Matter of Matthew S., Jr. (Matthew S.) |
2019 NY Slip Op 00800 |
Decided on February 1, 2019 |
Appellate Division, Fourth Department |
Published by New York State Law Reporting Bureau pursuant to Judiciary Law § 431. |
This opinion is uncorrected and subject to revision before publication in the Official Reports. |
Decided on February 1, 2019 SUPREME COURT OF THE STATE OF NEW YORK Appellate Division, Fourth Judicial Department
PRESENT: WHALEN, P.J., CENTRA, PERADOTTO, CURRAN, AND WINSLOW, JJ.
1455 CAF 18-00182
DAVID J. PAJAK, ALDEN, FOR RESPONDENT-APPELLANT.
KATHERINE E. MEIER-DAVIS, BUFFALO, FOR PETITIONER-RESPONDENT.
JOHN L. TRIGILIO, BUFFALO, ATTORNEY FOR THE CHILDREN.
Appeal from an order of the Family Court, Erie County (Margaret O. Szczur, J.), entered January 10, 2018 in a proceeding pursuant to Social Services Law § 384-b. The order, among other things, terminated respondent's parental rights with respect to the subject children.
It is hereby ORDERED that the order so appealed from is unanimously affirmed without costs.
Memorandum: Respondent father appeals from an order terminating his parental rights with respect to the subject children based on a finding of permanent neglect, and freeing the children for adoption. Contrary to the father's contention, Family Court did not abuse its discretion in denying his request for a suspended judgment. A suspended judgment "is a brief grace period designed to prepare the parent to be reunited with the child" (Matter of Michael B., 80 NY2d 299, 311 [1992]; see Matter of Danaryee B. [Erica T.], 151 AD3d 1765, 1766 [4th Dept 2017]; Matter of James P. [Tiffany H.], 148 AD3d 1526, 1527 [4th Dept 2017], lv denied 29 NY3d 908 [2017]; see also Family Ct Act § 633), and "is only appropriate where the parent has clearly demonstrated that [he or she] deserve[s] another opportunity to show that [he or she has] the ability to be a fit parent" (Matter of Illion RR. [Rachael SS.], 154 AD3d 1126, 1128 [3d Dept 2017], lv denied 30 NY3d 908 [2018] [internal quotation marks omitted]). The determination of whether to grant a suspended judgment must be based solely on the best interests of the child (see § 631).

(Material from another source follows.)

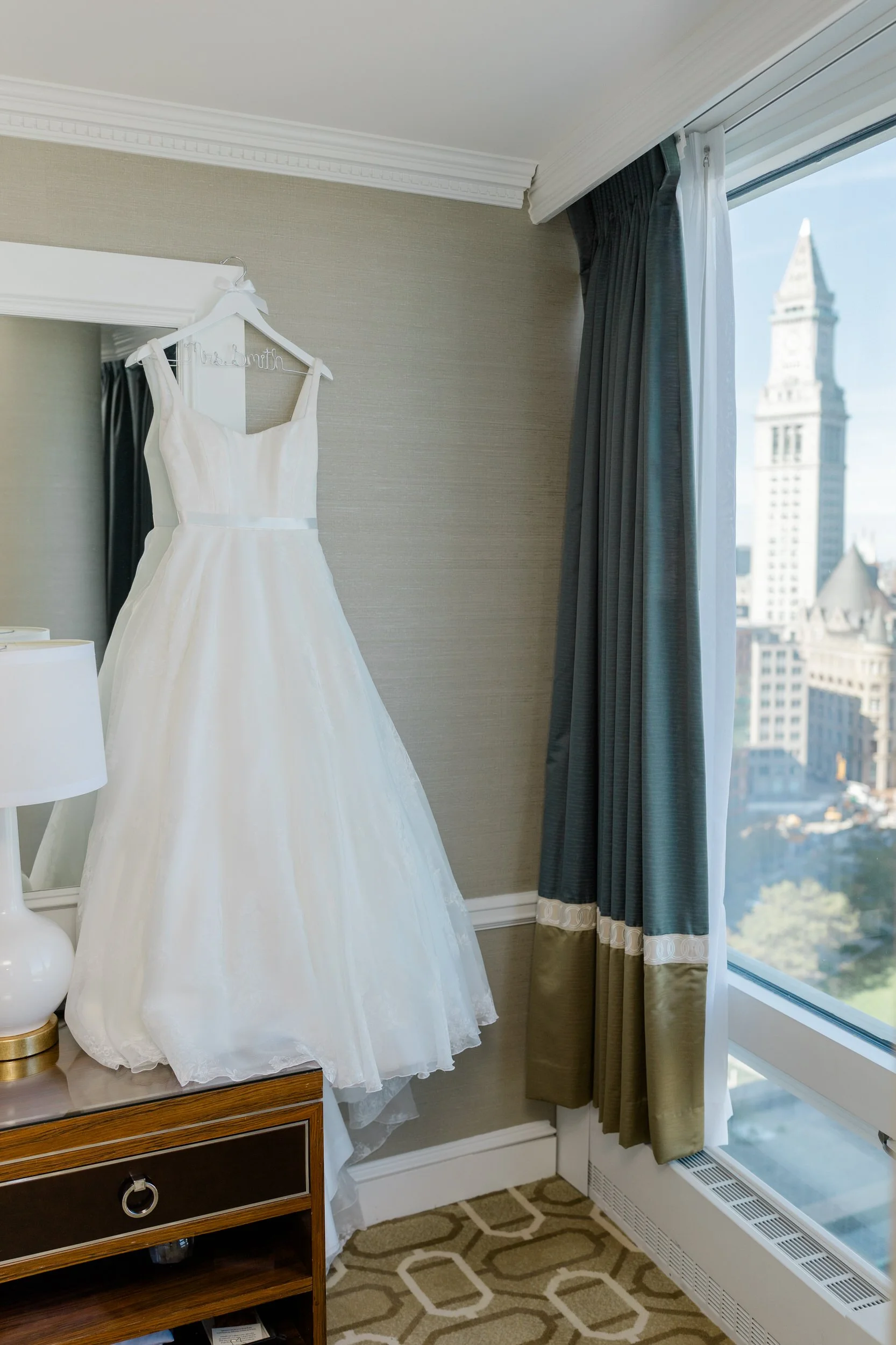 Wedding dress  at Boston Harbor Hotel Wedding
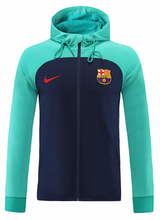 Barcelona 22/23 Men's Turquoise Long Zip Hoodie Jacket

Here, " there was no evidence that [the father] had a realistic, feasible plan to care for the children' " (Matter of Nicholas B. [Eleanor J.], 83 AD3d 1596, 1598 [4th Dept 2011], lv denied 17 NY3d 705 [2011]; see Matter of Sean W. [Brittany W.], 87 AD3d 1318, 1319 [4th Dept 2011], lv denied 18 NY3d 802 [2011]), and the court's determination that, even if given more time, the father was not likely to change sufficiently to enable him to parent the children is entitled to great deference (see Matter of Brendan S., 39 AD3d 1189, 1190 [4th Dept 2007]; Matter of Danielle N., 31 AD3d 1205, 1205 [4th Dept 2006]; Matter of Michael V., 279 AD2d 668, 669 [3d Dept 2001], lv denied 96 NY2d 709 [2001]). We therefore conclude that the minimal progress made by the father in the weeks preceding the dispositional hearing " was not sufficient to warrant any further prolongation of the [children's] unsettled familial status' " (James P., 148 AD3d at 1527; see Matter of Jose R., 32 AD3d 1284, 1285 [4th Dept 2006], lv denied 7 NY3d 718 [2006]).